Ayrıca eşinin koşudan döndükten sonra çocukları almaya özen gösterdiğini de söyledi. “Sonra gidip vakit geçireceğim” dedi. “Kesinlikle bunu telafi ediyor.”
Pazarlama alanında çalışan ve Westchester’da yaşayan 34 yaşındaki Tenley Shirley’nin her ikisi de üç yaşın altında iki çocuğu var. Kocası ona, belirli bir süre içinde diğer yarışları da koşmayı gerektiren bir görev olan Boston Maratonu’na katılmaya çalışacağını söylediğinde, ilk düşüncesi şu oldu: “Ben ve ailem üzerindeki etkisi ne olacak ve bu durumun benim ve ailem üzerindeki etkisi ne olacak?” nasıl uyum sağlayacağız?’” dedi.
Bayan Shirley’in kocası, ailesini zorlamamak için, çocuklar uyanmadan önce onları işe dahil etmek amacıyla kısa koşularını yaptığı hafta içi sabah 5’te kalkmaya karar verdi. Hafta sonları, uzun bir koşu yapması gerektiğinde sabah 3:30 ya da 4 gibi erken kalkıyor. “O zamanlar hava zifiri karanlık, bu yüzden yerel liseye gidiyor ve güneş doğana ve hava parlak olana kadar koşuyor.

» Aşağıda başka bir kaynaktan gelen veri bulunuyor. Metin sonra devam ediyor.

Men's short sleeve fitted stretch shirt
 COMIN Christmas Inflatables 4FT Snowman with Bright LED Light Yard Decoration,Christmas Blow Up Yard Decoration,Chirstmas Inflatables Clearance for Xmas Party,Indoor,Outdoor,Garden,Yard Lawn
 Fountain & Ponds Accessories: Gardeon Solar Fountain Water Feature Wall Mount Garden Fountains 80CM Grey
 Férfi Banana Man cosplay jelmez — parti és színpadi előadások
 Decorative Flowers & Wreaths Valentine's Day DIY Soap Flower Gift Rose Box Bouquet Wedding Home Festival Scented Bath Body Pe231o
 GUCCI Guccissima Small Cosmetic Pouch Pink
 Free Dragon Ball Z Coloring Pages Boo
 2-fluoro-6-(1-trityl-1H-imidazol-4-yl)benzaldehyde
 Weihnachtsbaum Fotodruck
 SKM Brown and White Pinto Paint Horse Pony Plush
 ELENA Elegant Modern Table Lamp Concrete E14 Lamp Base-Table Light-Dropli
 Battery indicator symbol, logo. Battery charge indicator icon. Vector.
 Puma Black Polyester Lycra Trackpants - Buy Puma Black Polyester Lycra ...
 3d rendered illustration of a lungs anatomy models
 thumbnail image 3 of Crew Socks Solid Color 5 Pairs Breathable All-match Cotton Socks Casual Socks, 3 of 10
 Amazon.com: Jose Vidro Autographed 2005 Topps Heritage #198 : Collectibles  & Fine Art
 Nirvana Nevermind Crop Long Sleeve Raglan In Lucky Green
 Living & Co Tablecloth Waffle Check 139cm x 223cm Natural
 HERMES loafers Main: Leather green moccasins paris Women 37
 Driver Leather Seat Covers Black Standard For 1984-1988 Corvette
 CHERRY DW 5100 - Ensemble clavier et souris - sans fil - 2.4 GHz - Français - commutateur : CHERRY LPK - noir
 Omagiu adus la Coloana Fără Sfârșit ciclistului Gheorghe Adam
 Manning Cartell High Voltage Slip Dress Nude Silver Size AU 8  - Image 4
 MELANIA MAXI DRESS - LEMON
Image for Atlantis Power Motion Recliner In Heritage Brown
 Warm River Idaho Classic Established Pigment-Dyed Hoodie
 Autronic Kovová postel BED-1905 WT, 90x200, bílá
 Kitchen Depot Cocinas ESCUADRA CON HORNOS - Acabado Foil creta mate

Sokakta koşmaya yetecek kadar” dedi.
Kocasının bunu yapmayı seçmesine minnettar ama bu yine de hayatlarına başka bir zarar veriyor. “Akşam 20.00’de yatakta oluyor, yorgun olduğu için uyuyor” dedi.
Bekar koşucular, maraton antrenmanıyla yeni ilişkiler veya flörtlerle dengede durmayı zor bulabilirler.
Yukarı Batı Yakası’nda yaşayan ve teknoloji girişimcisi olan 27 yaşındaki Jason Kuperberg, üniversiteye başladığından beri maraton koşuyor. Antrenman yaparken flört etmek için çok az zamanının olduğunu fark etti. “Antrenman yapıyorsam uyumam gerekiyor ve haftada 60 veya 70 milden fazla koşuyorum, bu da çok fazla saat demek” dedi.
“Ayrıca alkolü de bırakıyorum ve New York’ta flörtlerin bunun etrafında döndüğünü biliyoruz” dedi.
Bu yüzden bu yıl maraton koşmaya ara vermeye (sağlık ve genel kondisyon için hala haftada birkaç gün koşuyor) ve bunun yerine aşk hayatına odaklanmaya karar verdi. “Bir hafta önce bir randevuya çıkıyorum” dedi.
Yukarı Doğu Yakası’nda yaşayan ve güzellik halkla ilişkiler alanında çalışan 32 yaşındaki Alyssa Brognano, maratona hazırlanırken flört etmekten vazgeçmek istemiyor. Uygulamalardan iki randevuya çıktı ve her ikisinde de sessizliği maraton konuşmaları doldurdu. “Adam bana neyle ilgilendiğimi sorduğunda ona söyledim ve konuşmanın döndüğü yer burasıydı” dedi. “İki seferde de asla geri dönmedi.”
Vazgeçmedi: Koşmanın biriyle bağlantı kurmanın iyi bir yolu olabileceğini düşünüyor. “Hinge profilime koşu randevusuna çıkmak istediğime dair bir şey koydum” dedi. “Henüz kimse bana bu konuyu teklif etmedi ama bunun gerçekten iyi bir ikinci buluşma olacağını düşünüyorum.”